- WORK TASK
Using the listing below, set down exactly the lines from the one that contains "WallClassics - Canvas" through the one that contains "Highest quality、High resolution、Ultra-detailed、8k, Emilia、Emilia", with no pictures.

- EXTRACTED MATERIAL
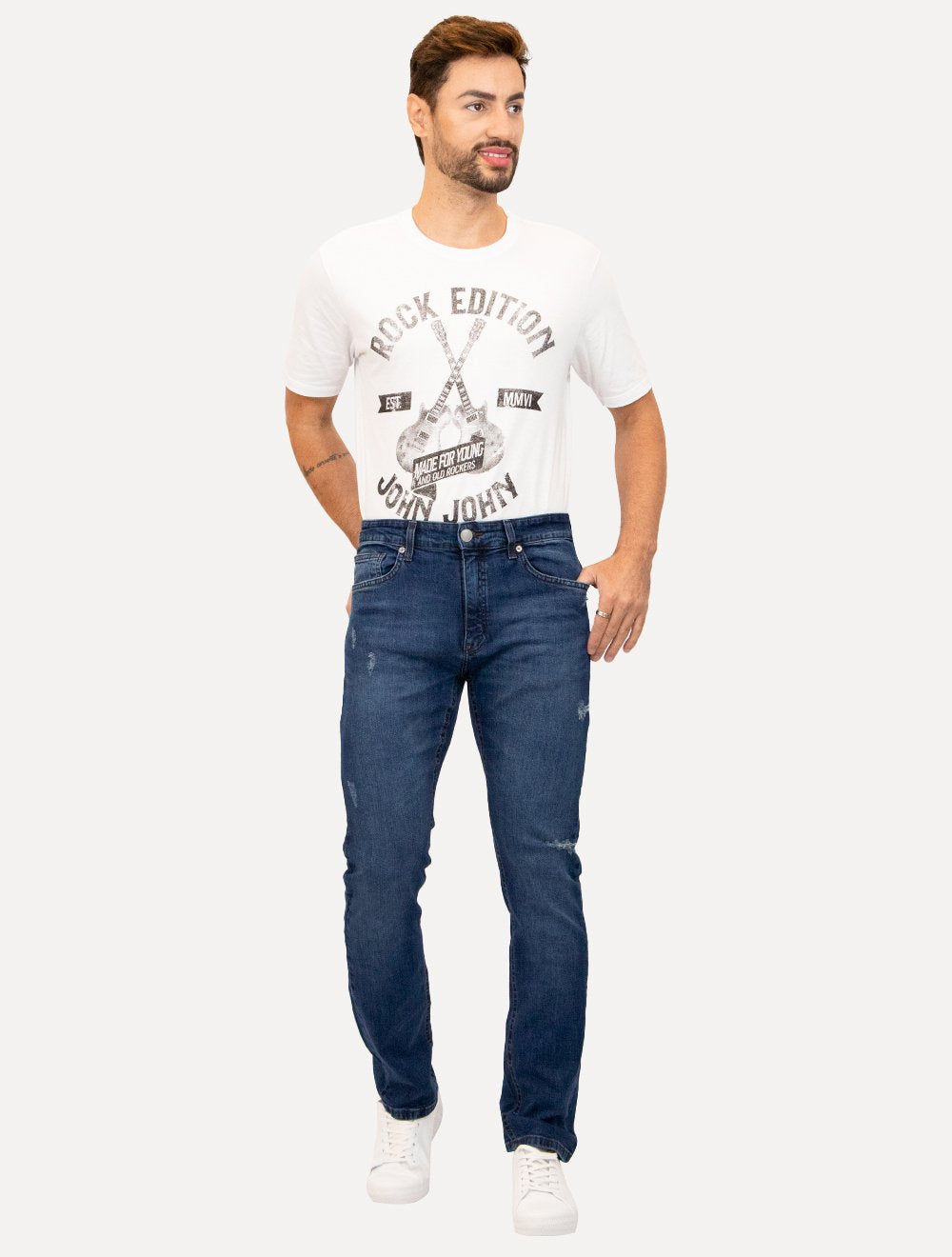 Calça Guess Jeans Masculina Slim Straight Inter Tag Azul Médio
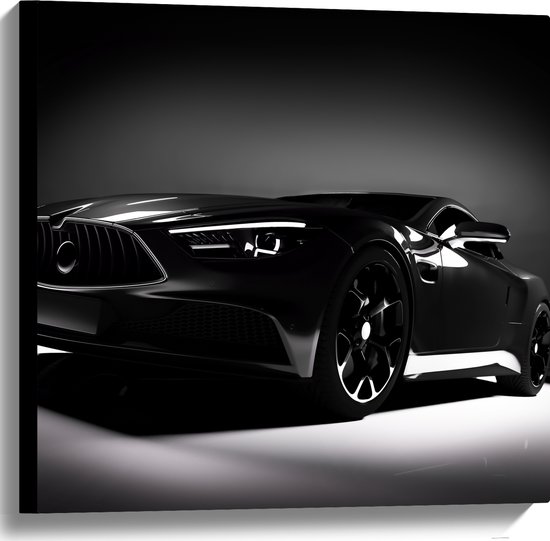 WallClassics - Canvas - Zwarte Auto in Grijs met Zwarte omgeving - 60x60 cm Foto op Canvas Schilderij (Wanddecoratie op Canvas)
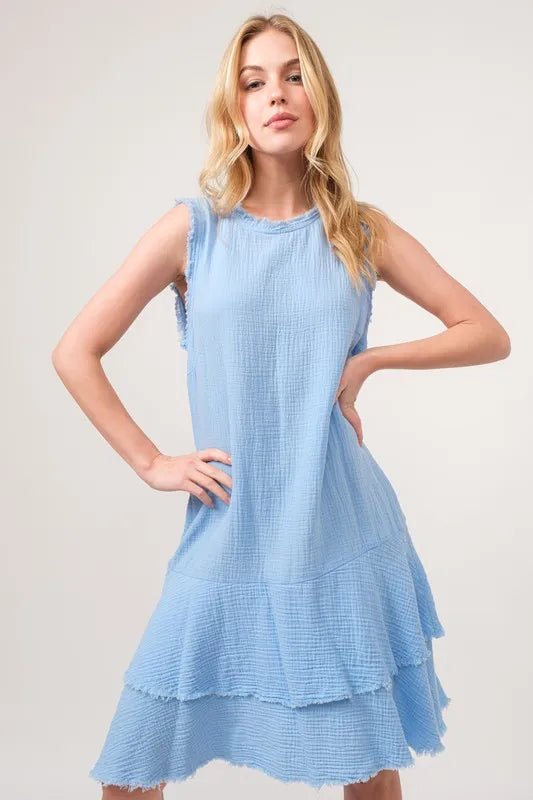 And The Why Washed Fringe Detail Tiered Dress - VeauBeauty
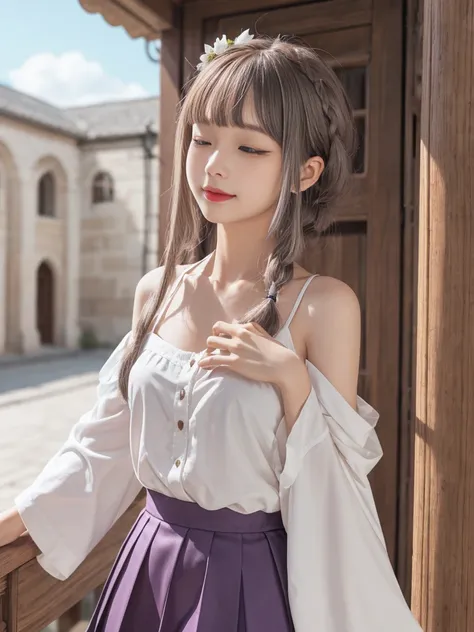 Highest quality、High resolution、Ultra-detailed、8k, Emilia、Emilia Masterpiece、Highest quality, In the castle courtyard, Bans, Clothes are white, 長いsleevemouth, just_shoulder, dull_前hair, Blurred, Blurred_background, Blurred_prospect, blush, Braid, chestout,...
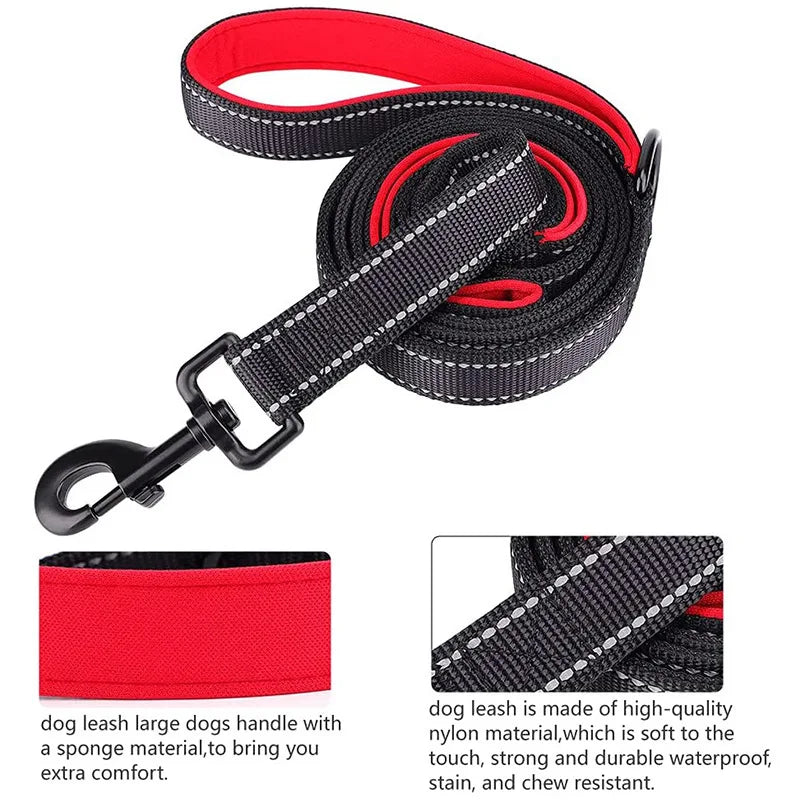 Heavy-Duty Double Handle Dog Leash – Reflective Nylon Lead for Training, Control & Safe Walks - Top Dogg Brand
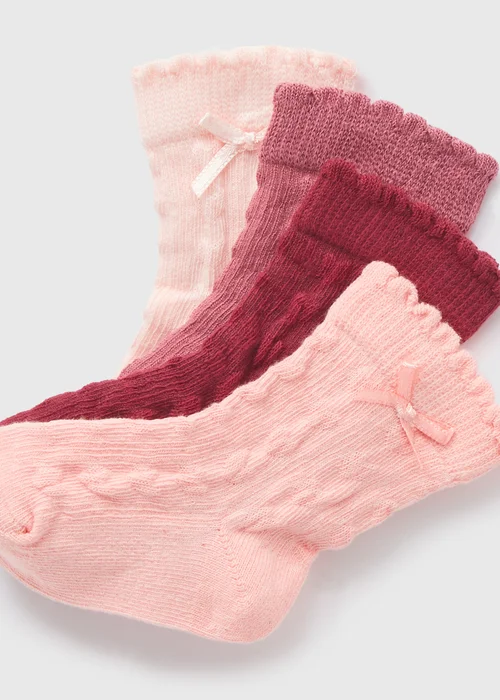4 Pack Baby Pink Pointelle Socks (Newborn-24mths) - 0-3 months Image 2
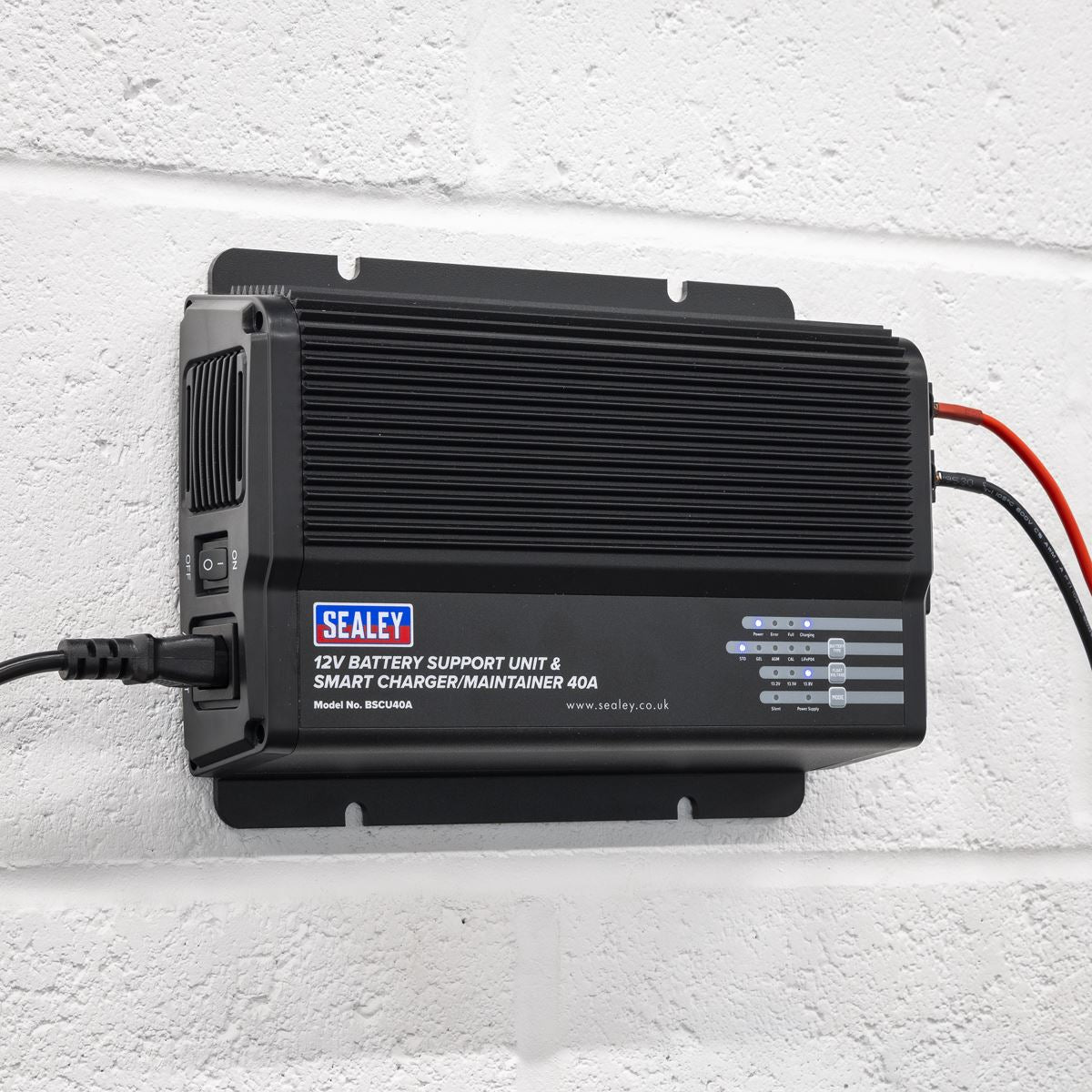 Sealey 12V Battery Charger Maintainer Smart Support Unit 40A 230V BSCU40A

- RESPONSE FOR THIS EXERCISE
 WallClassics - Canvas - Zwarte Auto in Grijs met Zwarte omgeving - 60x60 cm Foto op Canvas Schilderij (Wanddecoratie op Canvas)
 And The Why Washed Fringe Detail Tiered Dress - VeauBeauty
 Highest quality、High resolution、Ultra-detailed、8k, Emilia、Emilia Masterpiece、Highest quality, In the castle courtyard, Bans, Clothes are white, 長いsleevemouth, just_shoulder, dull_前hair, Blurred, Blurred_background, Blurred_prospect, blush, Braid, chestout,...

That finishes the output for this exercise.